Almost 200 people attended the sell-out event to launch the St Petrocs campaign “Let’s End Street Homelessness in Cornwall” at the Alverton Hotel in Truro on Tuesday 30th October 2018 hosted by BBC journalist Donna Birrell.
Guests comprised of St Petrocs clients, volunteers and staff, Lord Lieutenant Colonel Bolitho, Chairman of Cornwall Council Mary May, St Petrocs Patrons Lord and Lady St Levan who all performed readings of poetry written by St Petrocs clients.
The 40 strong Falmouth Community Gospel Choir brought the event to a close with energetic music and an uplifting message of “hopefulness in hopelessness and homelessness”.
The campaign continues throughout the winter focusing on poetry as a way to engage people with the cause. Poetry being the focus as it enables people to express themselves, their feelings and emotions.

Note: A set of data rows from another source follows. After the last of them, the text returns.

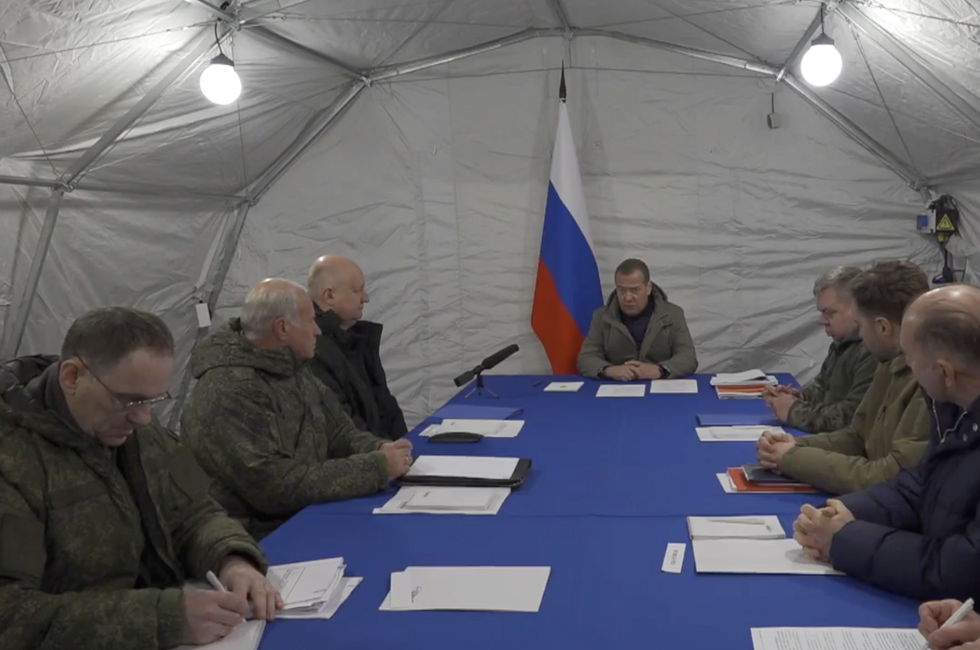 Скриншот видео страницы Дмитрия Медведева в ВКонтакте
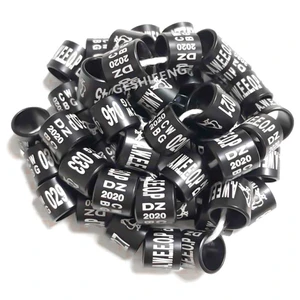 Bague Pigeon En Aluminium, Anillos De Aluminio Para Paloma 10mm, Anelli Per Uccelli In Alluminio New Model Aluminum Pigeon Ring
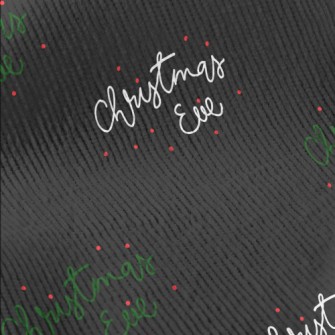 Simple Christmas Greetings Standard Corduroy
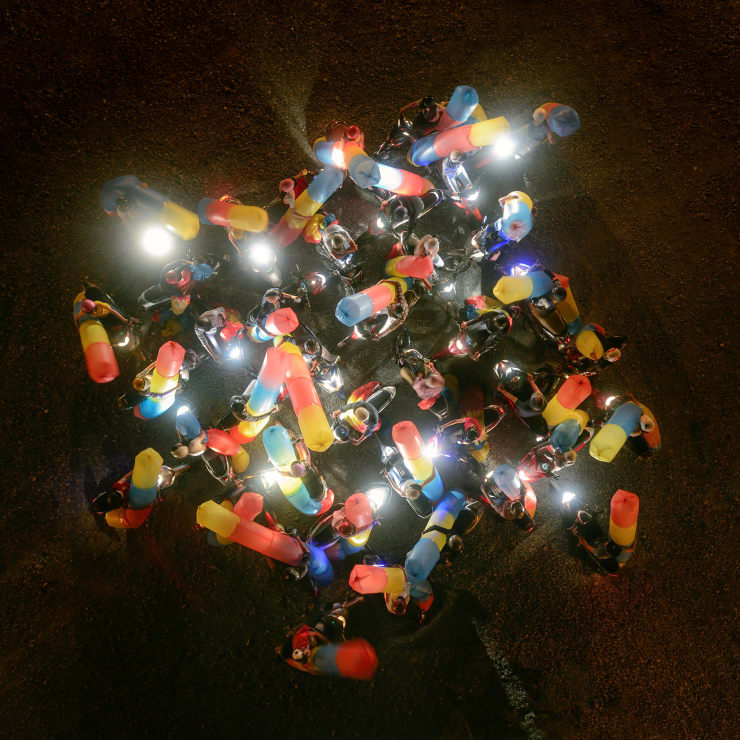 UuDam Tran Nguyen, Night gathering (the perfect lock), 2014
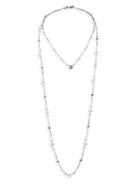 Chan Luu Double Layer 3-4mm Freshwater Pearl Beaded Necklace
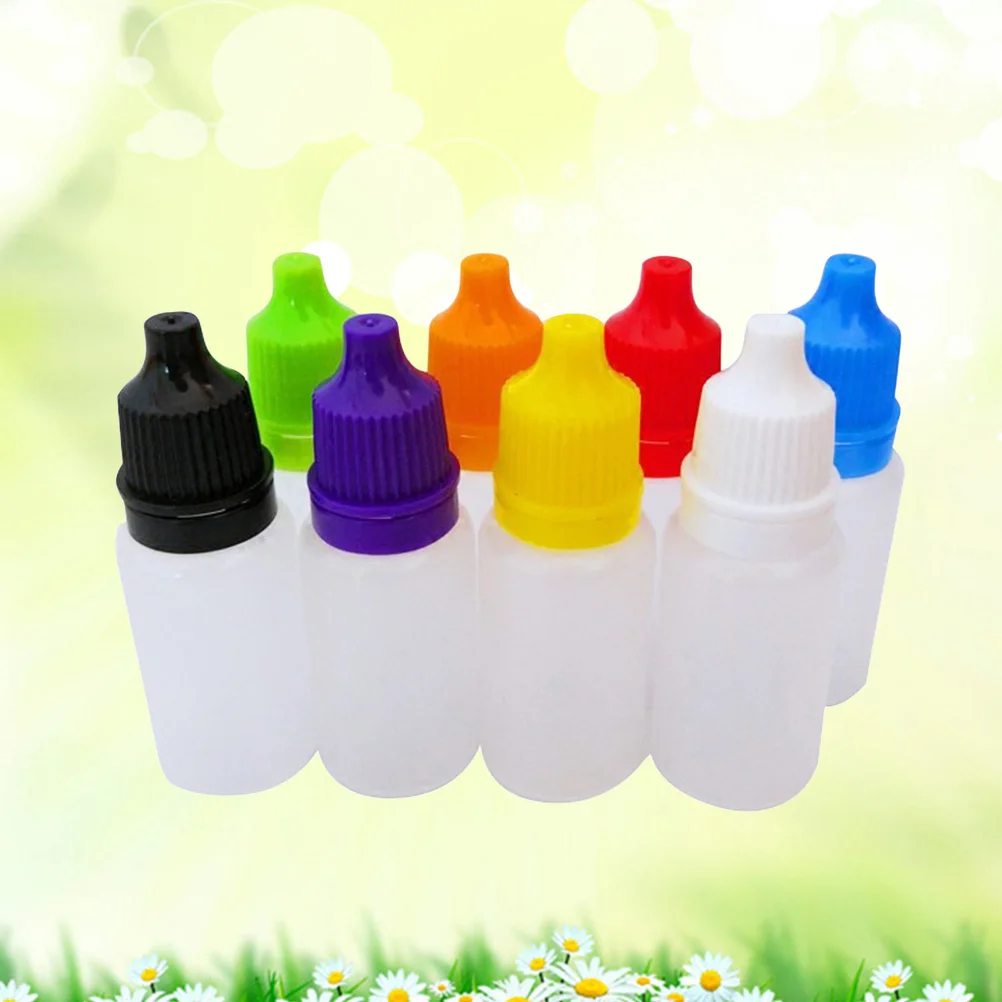 

8pcs 20ml Empty Plastic Squeezable Dropper Bottles Eye Liquid Dropper Dropping Bottles (Random Color)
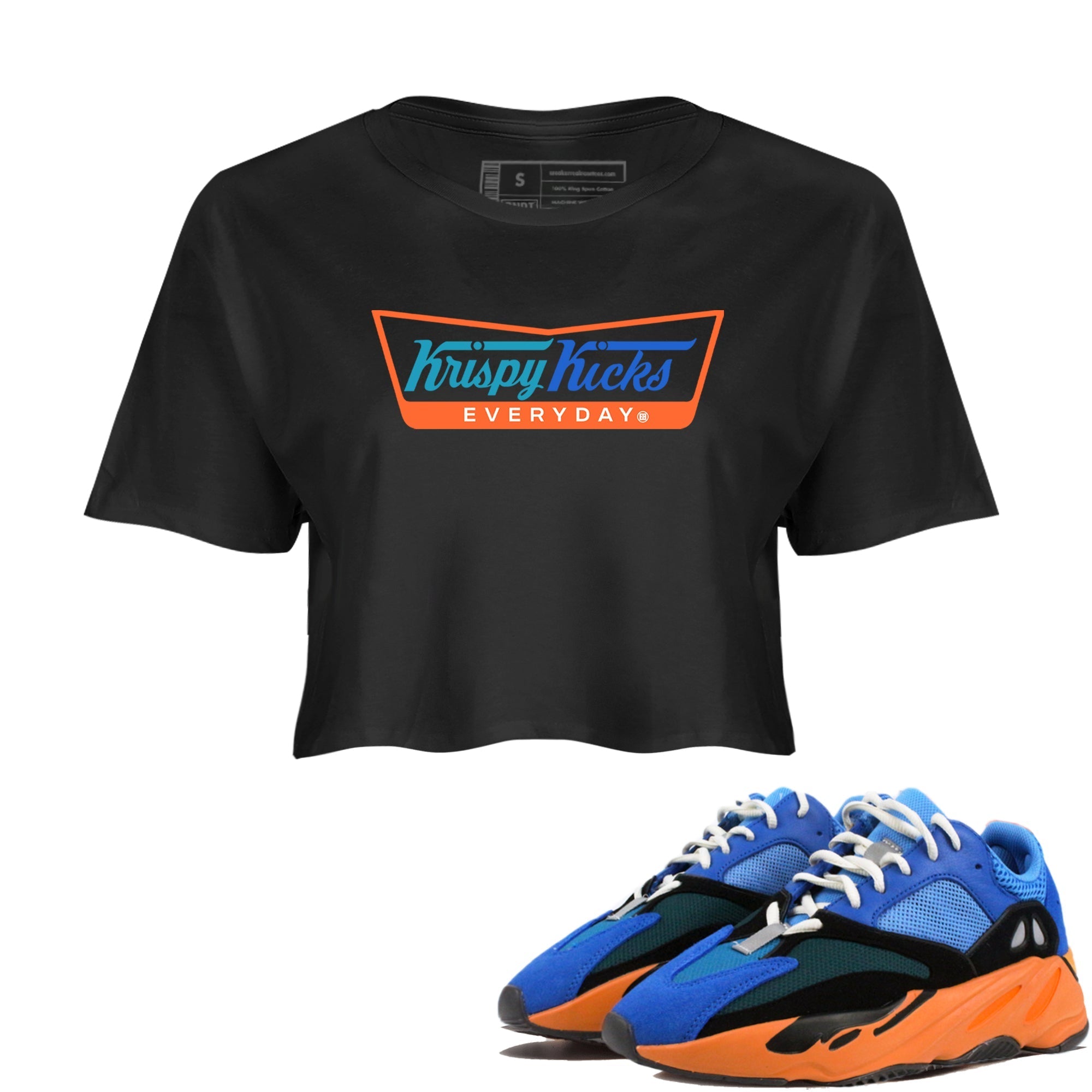 Krispy Kicks snkmatch Women's Top - Yeezy 700 Bright Blue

There will be a ‘Poem of the Week’ broadcast on St Petrocs social media channels where poems about homelessness will be performed by people of note, some from Cornwall and some from beyond. There are known actors and authors who are reading poems to support the campaign to end street homelessness in Cornwall.
Figures released earlier this year saw Cornwall drop from third to tenth in the statistics ranking local authorities with the highest number of rough sleepers in England. The county had the greatest decrease of rough sleepers in England, from 99 to 68, bucking the national trend.
Donna Birrell of BBC Radio Cornwall said “Going out on to the street, nurturing, caring, extending a hand which is what St Petrocs is all about. It’s reaching out saying ‘each and every one of us, wherever we have come from in our lives, we are human beings. We start and end at the same point and what we do in the middle will define us and each other.”
Steve Ellis CEO of St Petrocs said “This campaign is about trying to give everybody a voice, and perhaps more importantly, making sure every person is heard and listened to.”
“This campaign is about trying to give everybody a voice, and perhaps more importantly, making sure every person is heard and listened to.”
“At St Petrocs we quite frankly felt the numbers of people sleeping on the streets was shameful. We launched this campaign last year because we believed we had to do something practical to reverse the trend of the numbers of people continuing to go to the streets.”
“Last year Cornwall bucked the trend, we had a reduced figure of rough sleepers on a typical night down from 99 to 68, it was the highest reduction in the country. It proves we can make a difference and that our ambition to eradicate people sleeping on our streets is something achievable.”